Resistance member during World War II (1910–1973)

Irena Adamowicz

Irena Adamowicz (11 May 1910 – 12 August 1973), was a Polish-born scout leader and a resistance member during World War II. She was a courier for the underground Home Army (Armia Krajowa). In 1985, Adamowicz was posthumously bestowed the title of the Righteous Among the Nations by Yad Vashem in Jerusalem for her activities involving providing information to a number of Jewish ghettos in occupied Poland.

== Biography ==

Adamowicz was born in Warsaw, to a Polish noble family and held a degree in social work from the University of Warsaw before World War II. She served as one of the leaders of the Polish Scout movement (Harcerz Polski) coordinating its activities as a Senior Girl Scout. A Polish Roman Catholic, Adamowicz provided counseling and educational services not only for the Catholic Scouts, but also for the Jewish youth movement called Hashomer Hatzair (Ha-Shomer ha-Tsa'ir) in the 1930s, working in close co-operation with Arie Wilner.

Following the German invasion of Poland, Adamowicz became a member of the underground Home Army (Armia Krajowa) as a clandestine courier. She delivered messages and provided aid and moral support for the Jewish ghettos in several distant cities.

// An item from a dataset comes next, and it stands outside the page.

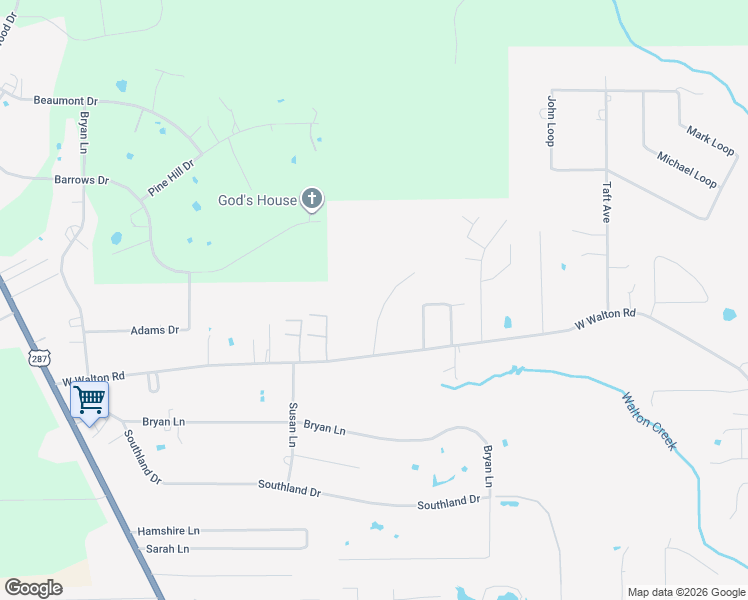 map of restaurants, bars, coffee shops, grocery stores, and more near 108 Bumstead Road in Lumberton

In 1985, Adamowicz was posthumously bestowed the title of the Righteous Among the Nations by Yad Vashem in Jerusalem for her heroic stand against the Nazi Holocaust.

==Liaison missions==
Due to her work for both Polish and Jewish youth before the invasion of Poland, and her close contact with the Jewish Zionist movement, Adamowicz, a devout Christian, was able to come to the aid of Jewish Fighting Organization's efforts to establish a channel of communication between the ghettos of different cities. At a meeting in Warsaw in late 1941 a decision was made to embark on this perilous effort, by the representatives of AK including Irena Adamowicz and Stanislaw Hajduk, and, on the Jewish side, by Mordechaj Anielewicz, Icchak Cukierman, Józef Kapłan and Cywia Lubetkin. Throughout the summer of 1942 Adamowicz went on a daring trip across Poland and Lithuania to establish contact between clandestine organizations in the ghettos of Warsaw, Wilno (now Vilnius), Białystok, Kowno (now Kaunas) and Szawle (Šiauliai). Her visits became a source of both vital information and moral encouragement, such as her inspirational presence in Kovno Ghetto in July 1942. She earned a Jewish nickname "Di chalutzishe shikse", the Pioneering Gentile.

Following the end of World War II, Adamowicz remained in close contact with the survivors of the Holocaust, with whom she had worked in the Jewish underground. Thanks to their efforts, she was named Righteous among the Nations in 1985. Her personal experience became a part of the book by Władysław Bartoszewski and Zofia Lewin entitled Righteous Among Nations; How Poles Helped the Jews, 1939–1945.